When are the folks at the National Review ever going to understand what this footnote in the BLS Household Survey report on employment means:

Data affected by changes in population controls in January 2000, January 2003, January 2004, and January 2005.

I ask because of who received the first “Jayson Award” from Donald Luskin. David M. Kiriazis (chairman of the economics department at Frostburg State University in Frostburg, Maryland) writes:

Unless nothing else changed, a decline in the unemployment rate could not possibly be explained “entirely” by people dropping out of the labor force. In fact, from June 2003 to Feb 2004, the labor force did decline from 147 to 146.5 million, but the number of unemployed declined from 9.2 to 8.2 million. Hence, the decline in the unemployment rate was mainly the result of more people finding jobs.

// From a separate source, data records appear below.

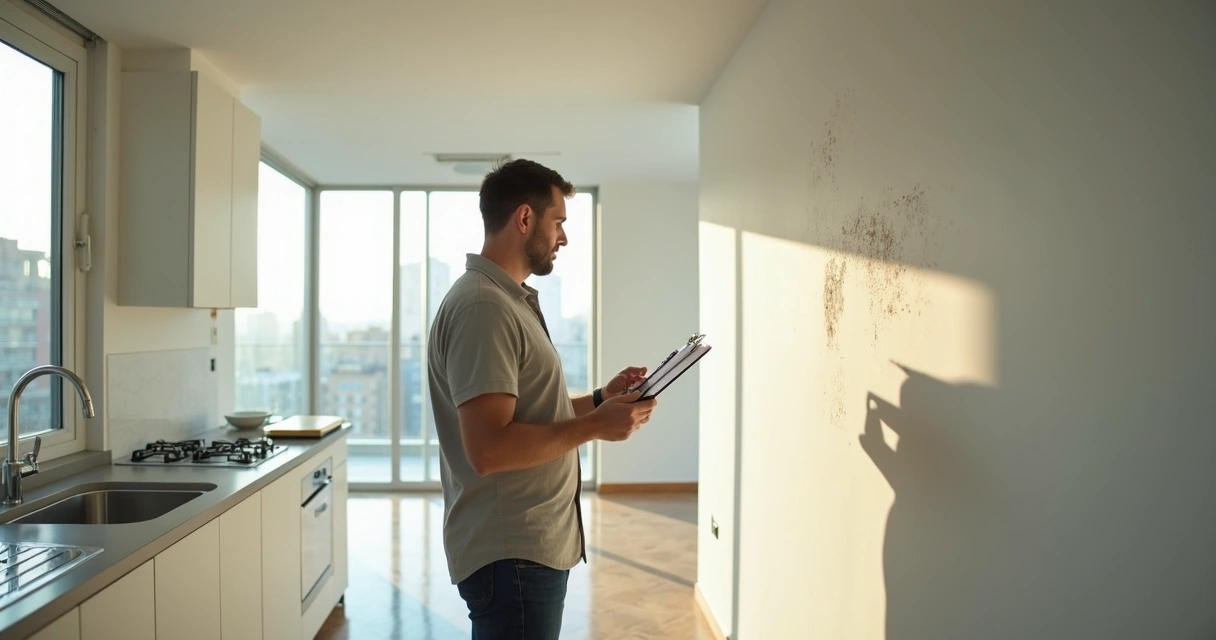 Vistoria detalhada em imóvel antes da locação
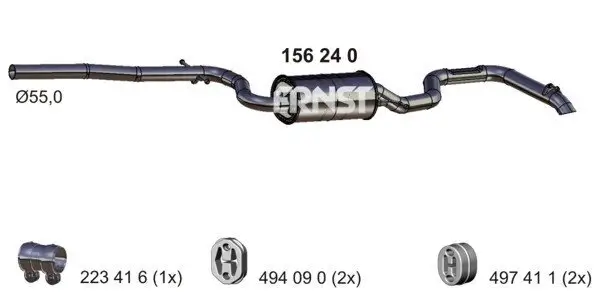Endschalldämpfer ERNST 156240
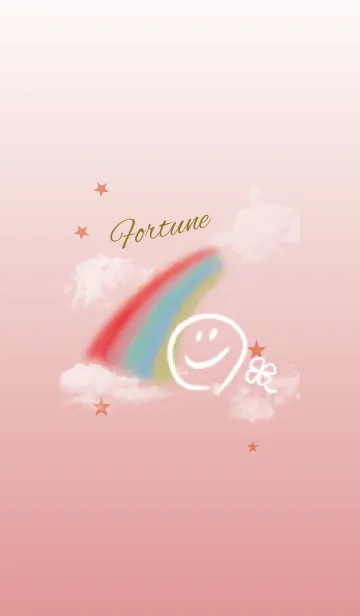 [LINE着せ替え] レッド/ラッキースマイルの全運気UPの画像1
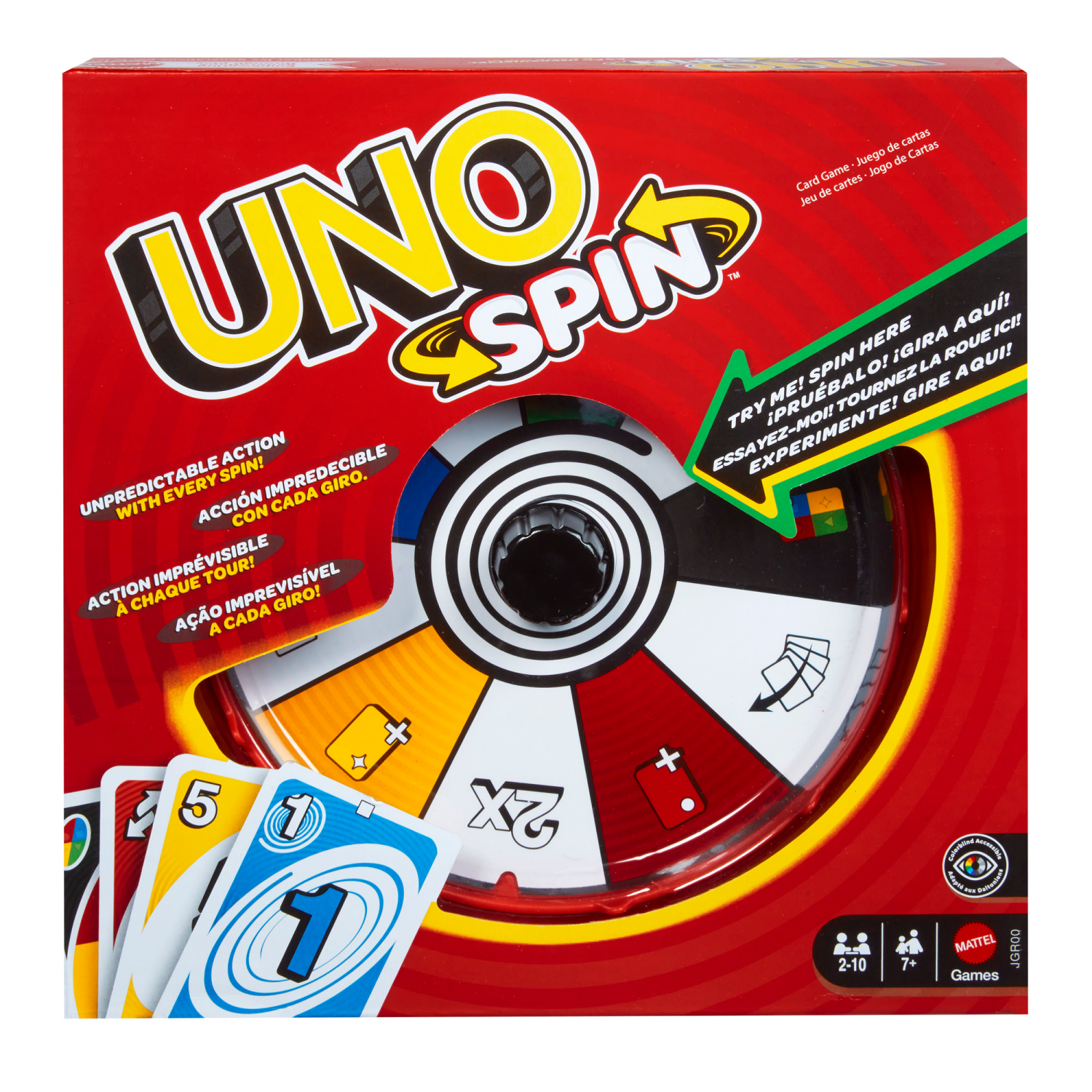 slide 1 of 7, UNO Spin Board Game, 1 ct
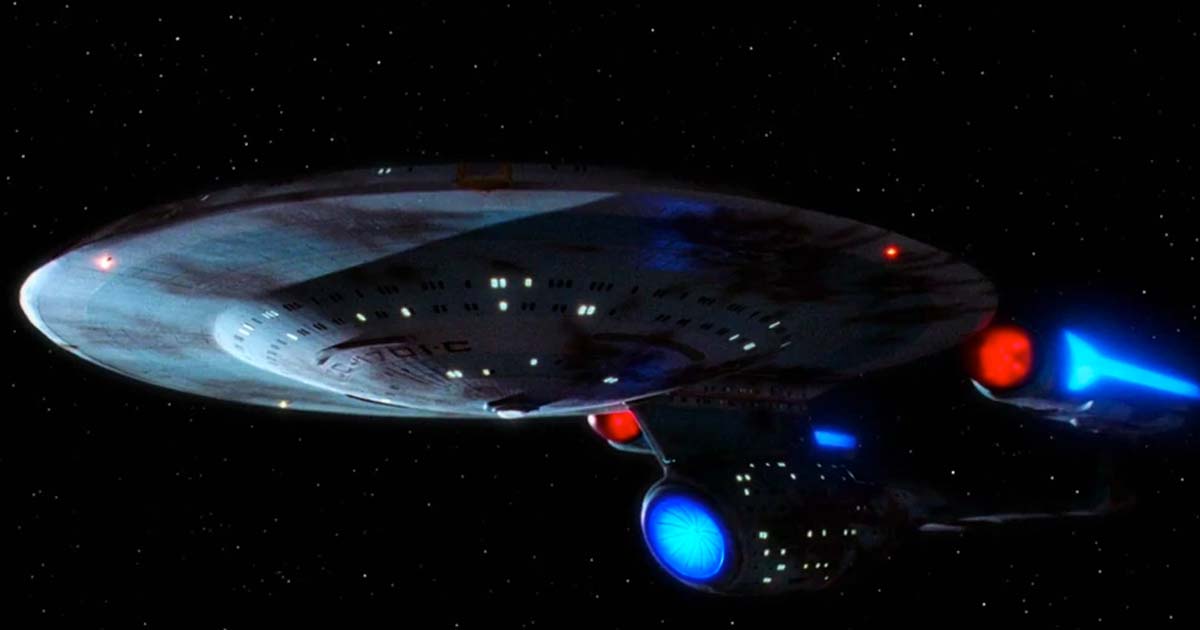 A screen capture of the Enterprise C.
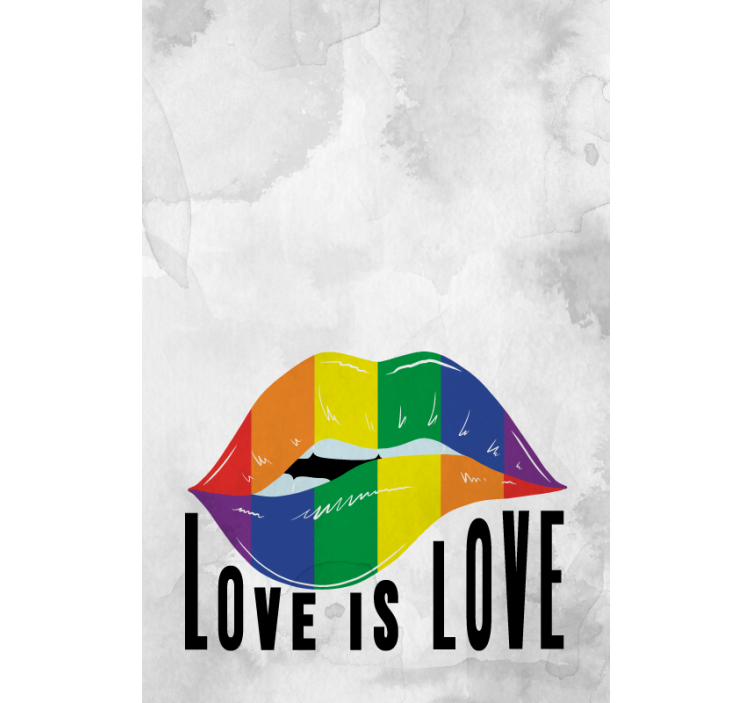 roleta s citátmi dúhové umenie na pery - Tenstickers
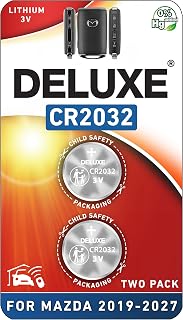 Key Fob Replacement Batteries for Mazda 2019-2027, Pack of 2 | Fits Mazda 3 6 CX-5 CX-30 CX-9 CX-50 CX-90 CX-3 CX-70 MX-5 Miata (Check Fitment Guide)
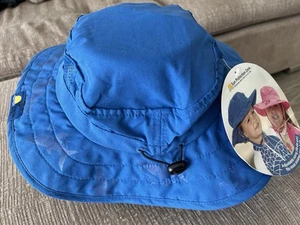 Sun Protection Zone Kids UPF 50+ Safari Sun Hat, Blue Sharks, Lightweight - Picture 1 of 4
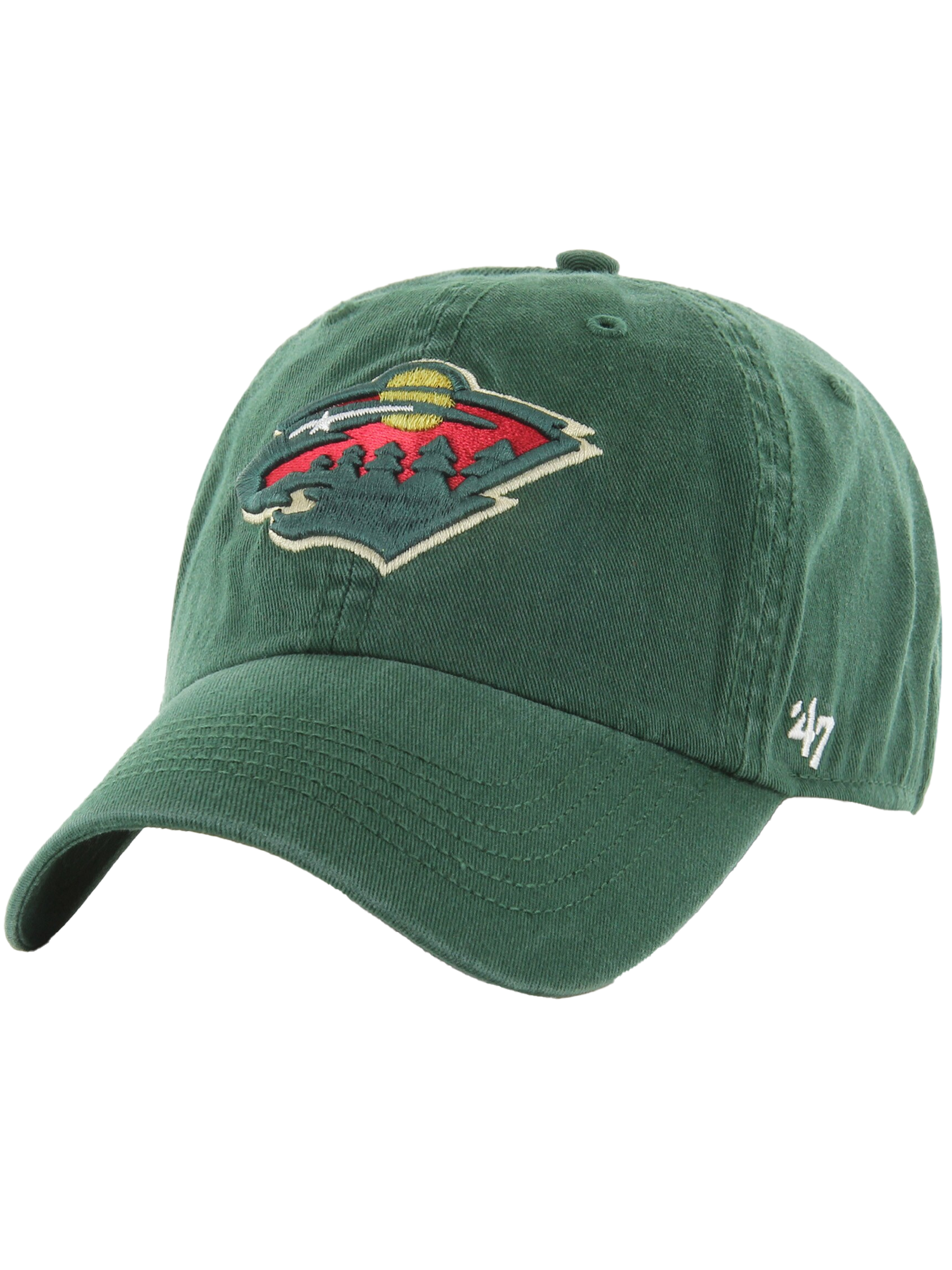 Minnesota Wild '47 NHL Team Clean Up Strapback Hat - Green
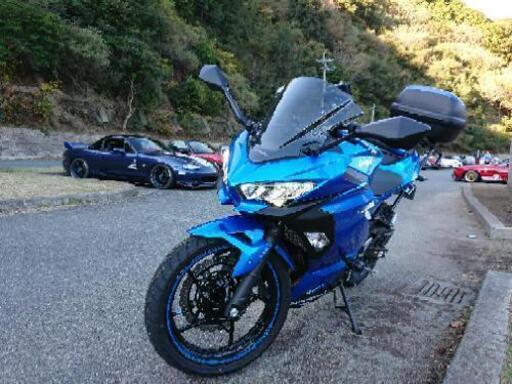 現行 新型 ninja 250 ブルー オプション充実 極上 転倒無 ニンジャ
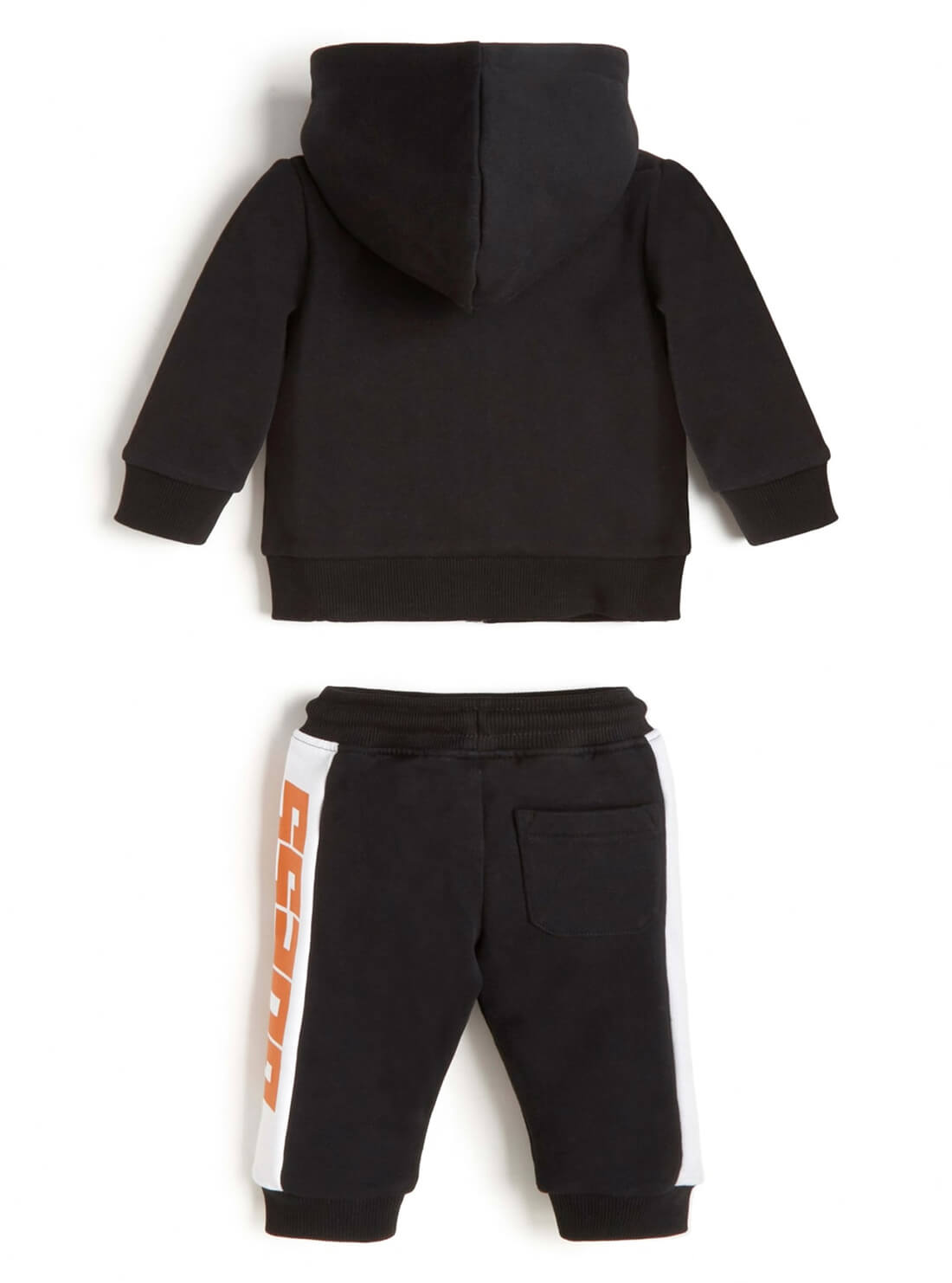 GUESS Baby Boy Black Active 2-Piece Set (3-18m) I1BG00KAD70 Back View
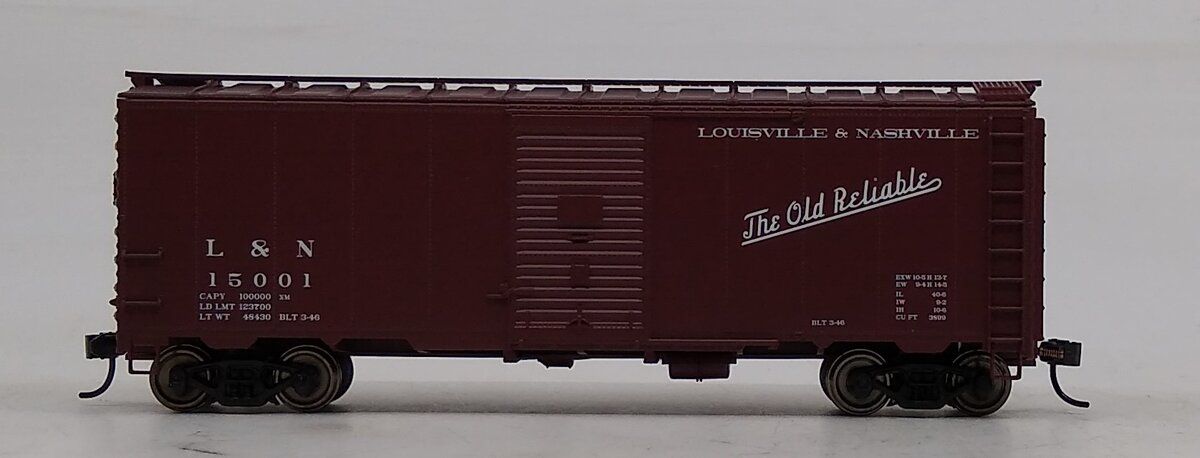 Walthers 910-1679 HO Louisville & Nashville 40' AAR 1944 Boxcar #15001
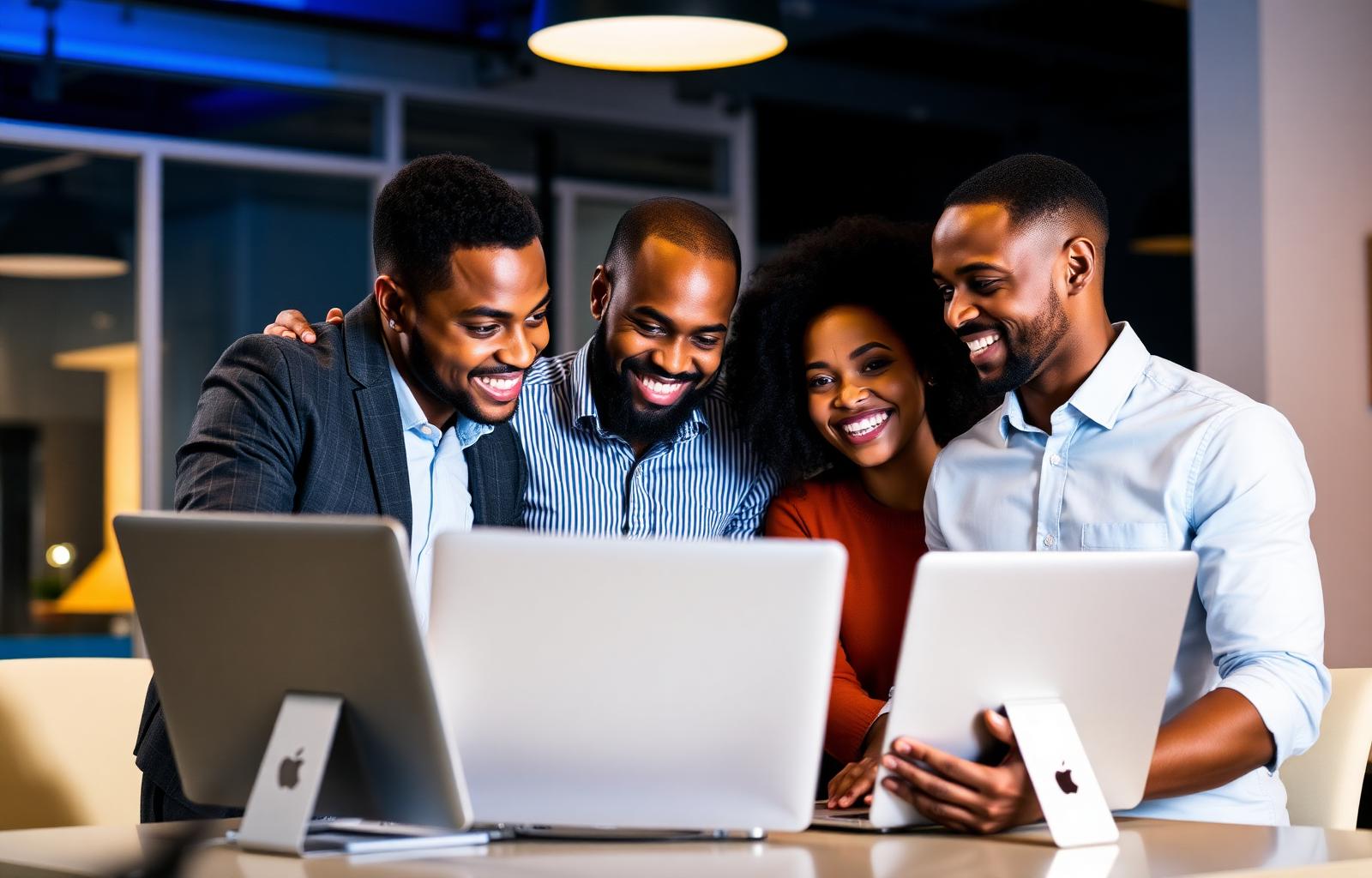 The Zanaph team collaborating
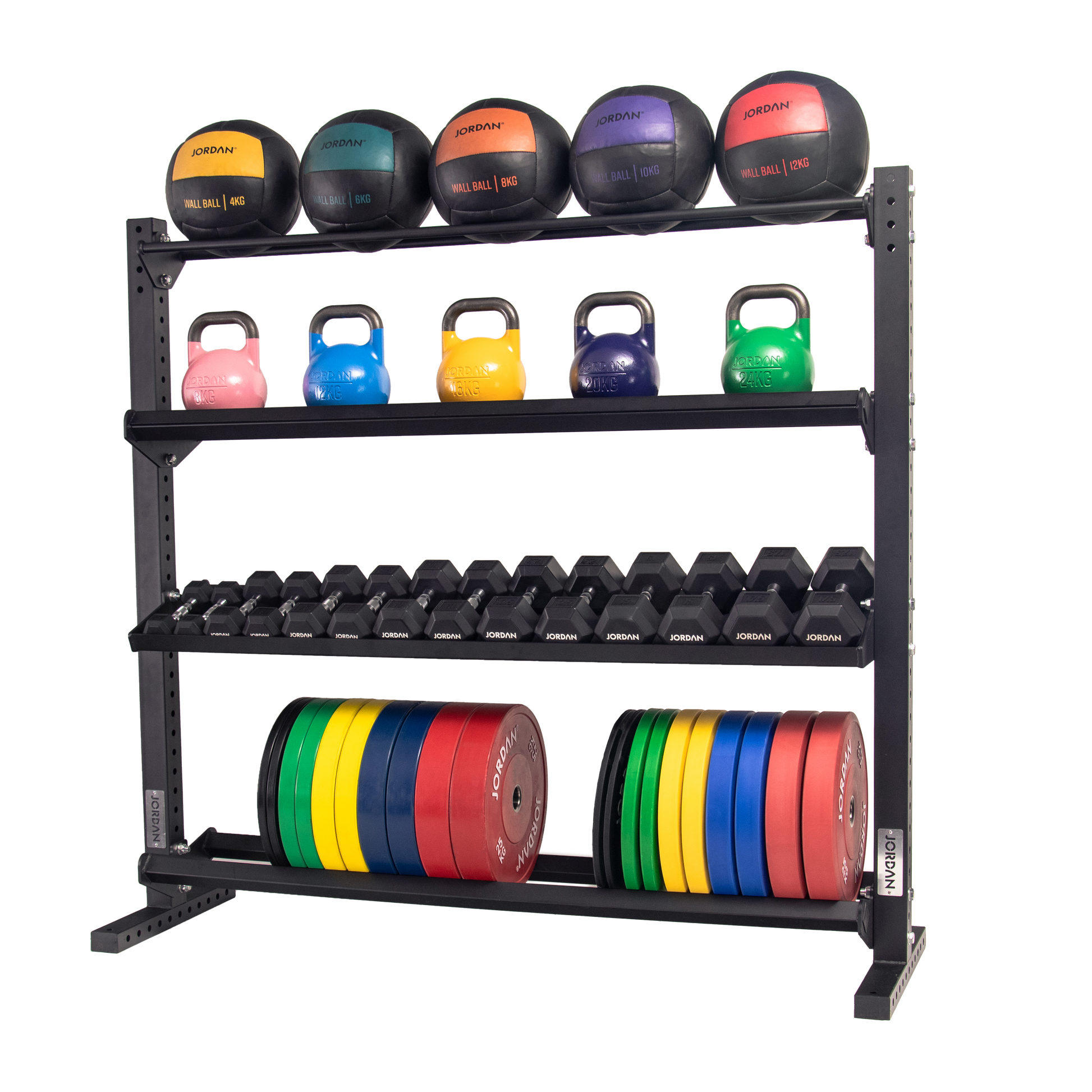 JORDAN HELIX Multi Storage Rack Upright - 1200mm - Each - alternate angle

Interestingly, BLS’s reporting for the civilian noninstitutional population had it at 222.509 million for December 2003 but only 222.161 million for January 2004. Unless one believes that the U.S. adult population declined by about 350 thousand in one month, Kiriazis’s calculations are suspect. As far as the number of people finding jobs, the employment to population ratio fell from 62.3% in June 2003 to 62.2% in February 2004. I hope Kiriazis understands our population tends to grow over time so that adding 125 thousand new jobs per month is not going to get us back to full employment very soon.

Since the Jayson Award is dedicated to someone who allegedly caught Krugman in a lie, let’s remember that he was referring to the labor force participation rate, which fell from 66.5% in June 2003 to 65.9% in February 2004.